Problem statement:
In the data below, locate the line containing "Aluno finalizando um passe em treino técnico" and the line containing "JM1BM1W77G1352553 2016 MAZDA 3 - Image 1", then retype both and everything between them exactly. Pictures are not part of the copy.

Given information:

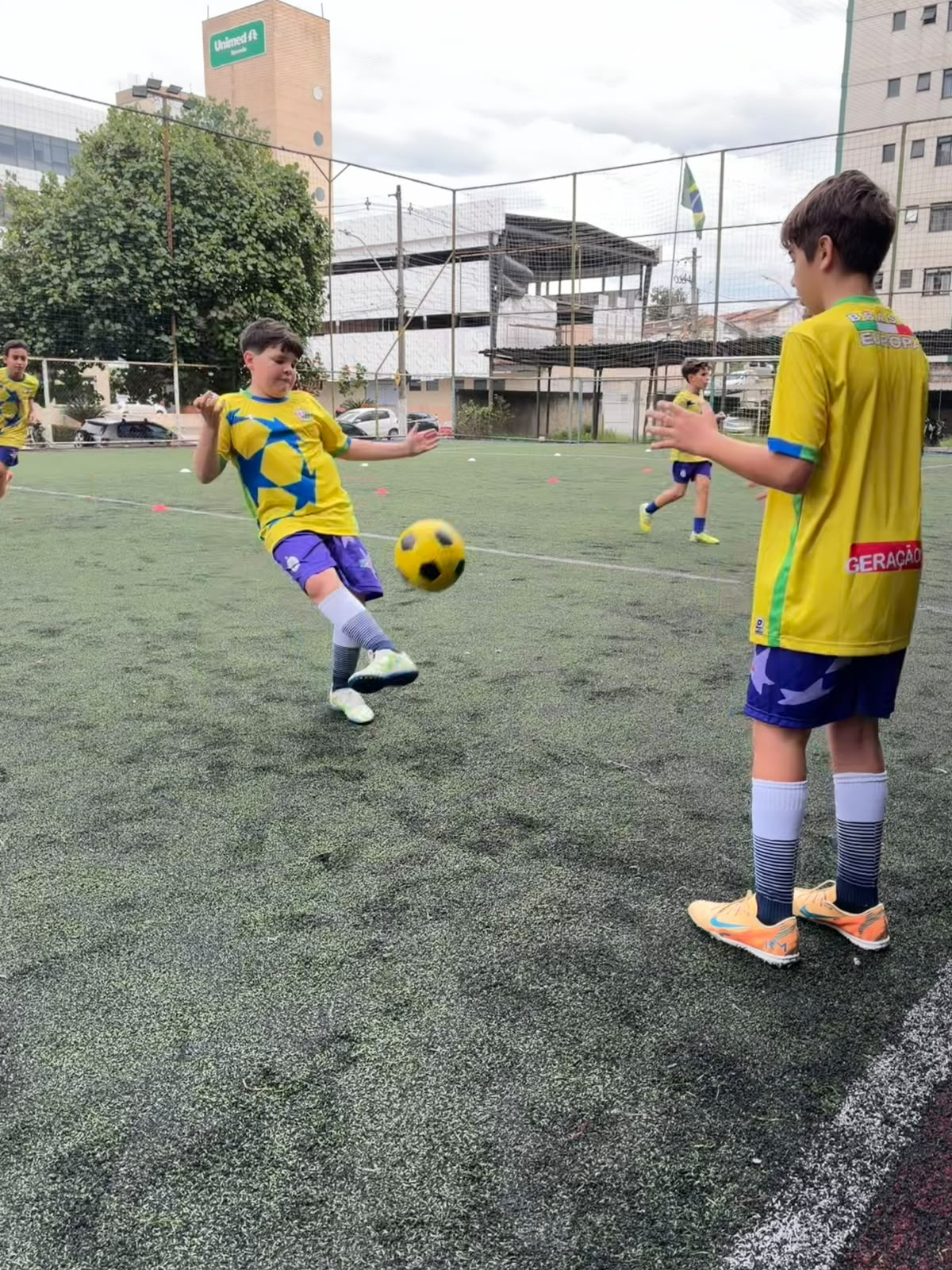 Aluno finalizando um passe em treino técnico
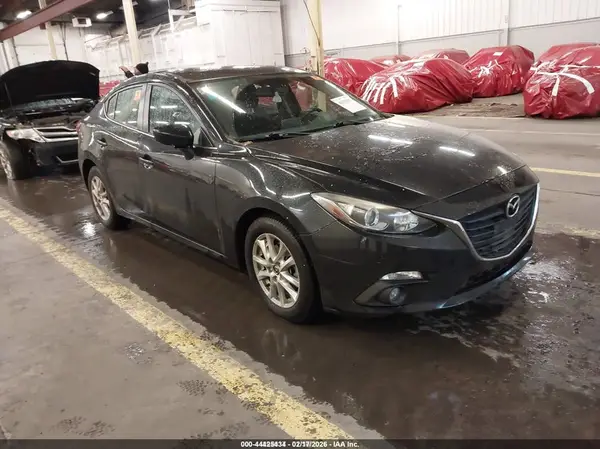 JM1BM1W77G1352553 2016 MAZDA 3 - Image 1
==
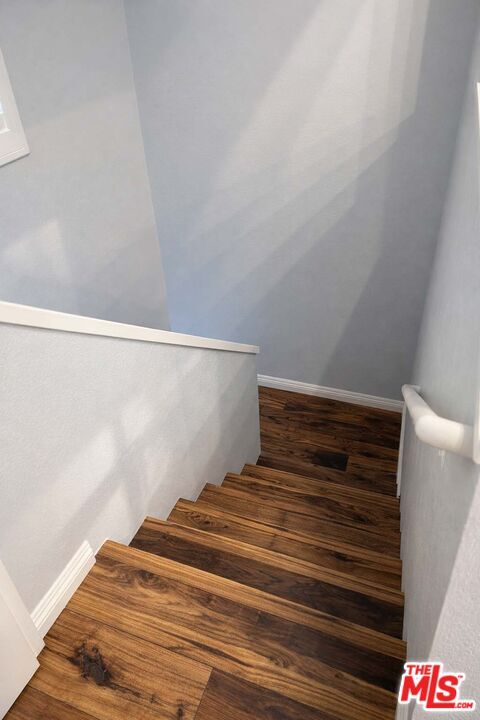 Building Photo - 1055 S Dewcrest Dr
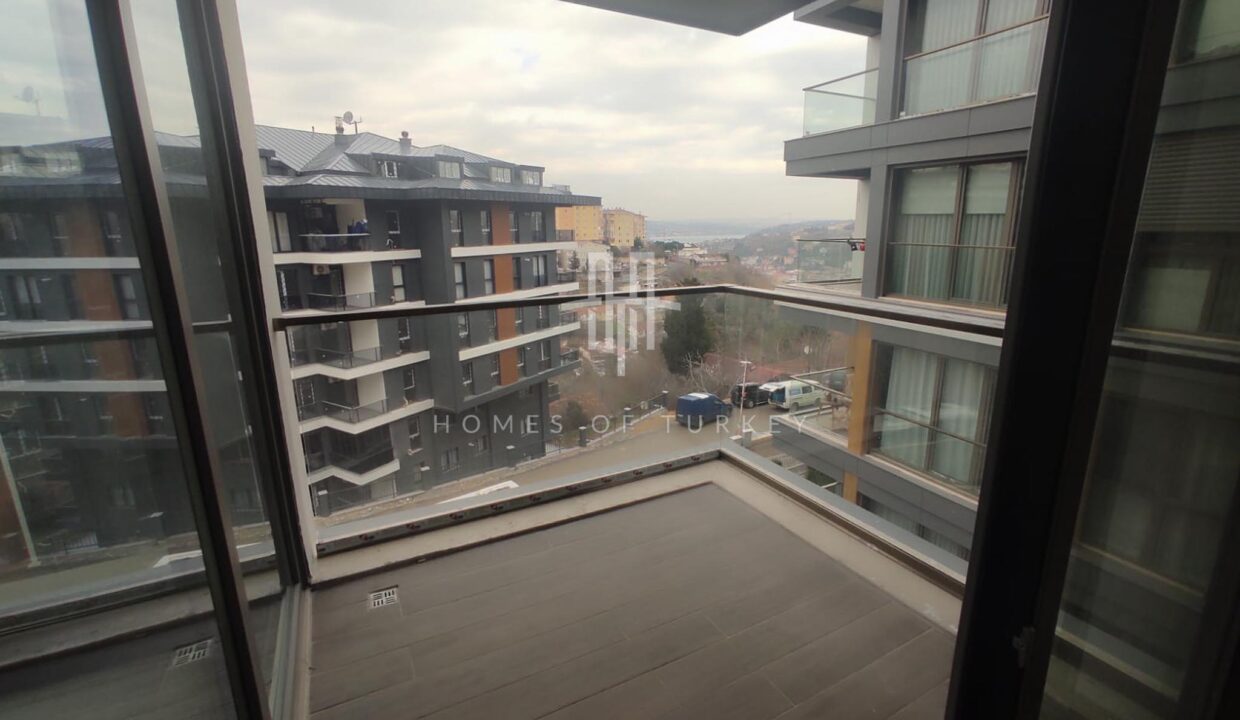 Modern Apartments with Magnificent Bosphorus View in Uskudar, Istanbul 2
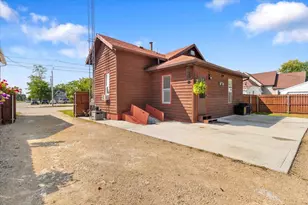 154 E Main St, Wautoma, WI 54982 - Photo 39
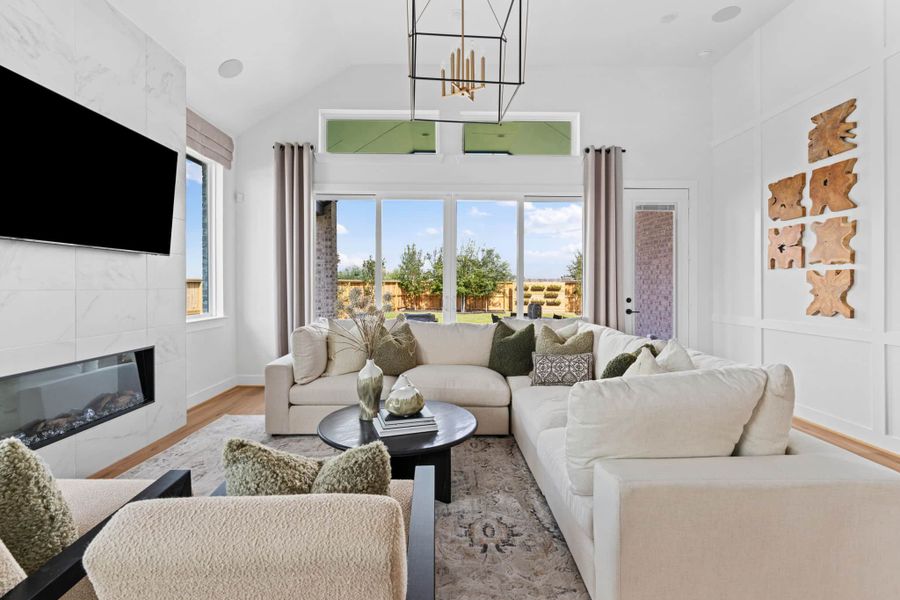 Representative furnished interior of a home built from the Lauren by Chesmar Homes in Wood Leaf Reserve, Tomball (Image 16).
==
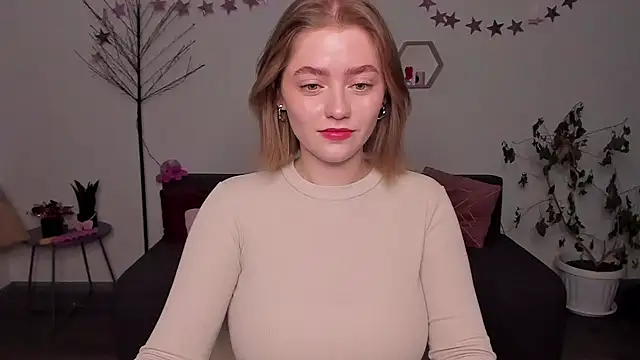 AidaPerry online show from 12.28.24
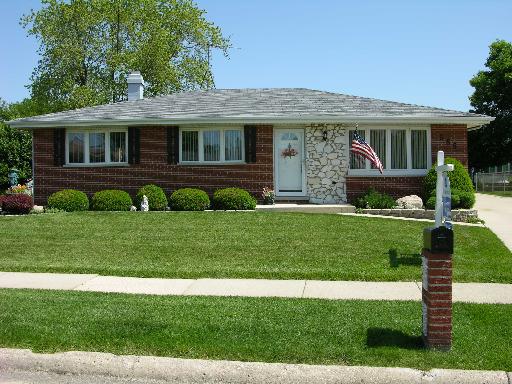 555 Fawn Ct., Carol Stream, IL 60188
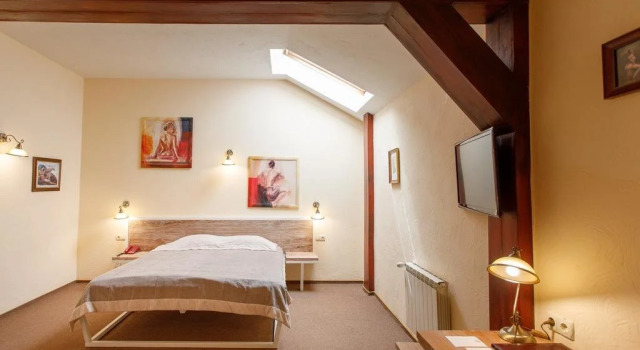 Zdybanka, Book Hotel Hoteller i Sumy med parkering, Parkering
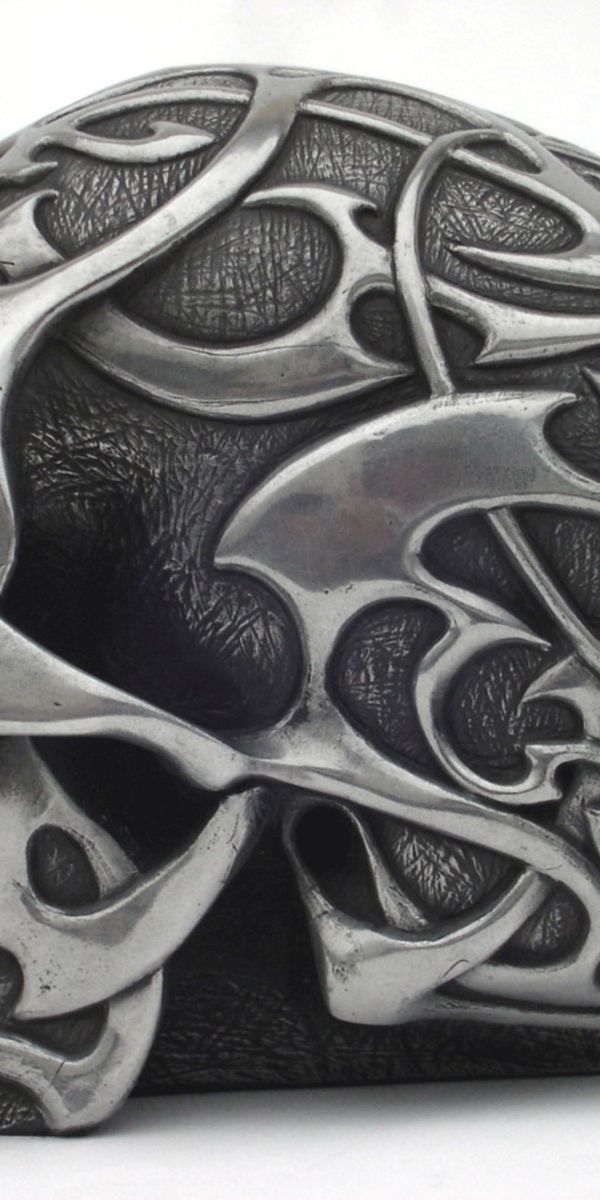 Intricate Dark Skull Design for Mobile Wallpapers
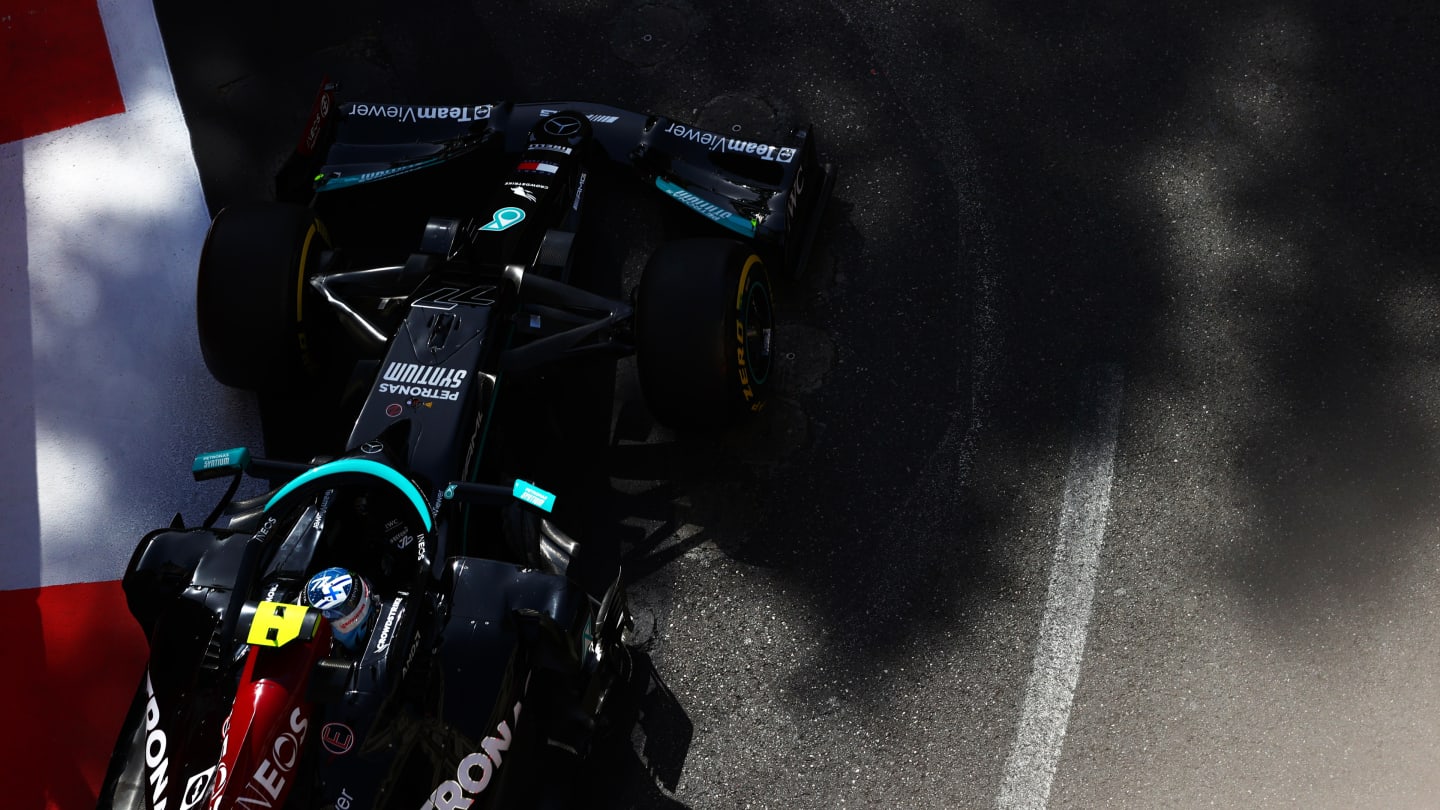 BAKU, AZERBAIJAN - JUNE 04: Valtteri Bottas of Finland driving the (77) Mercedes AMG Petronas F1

Response area:
 Aluno finalizando um passe em treino técnico
 JM1BM1W77G1352553 2016 MAZDA 3 - Image 1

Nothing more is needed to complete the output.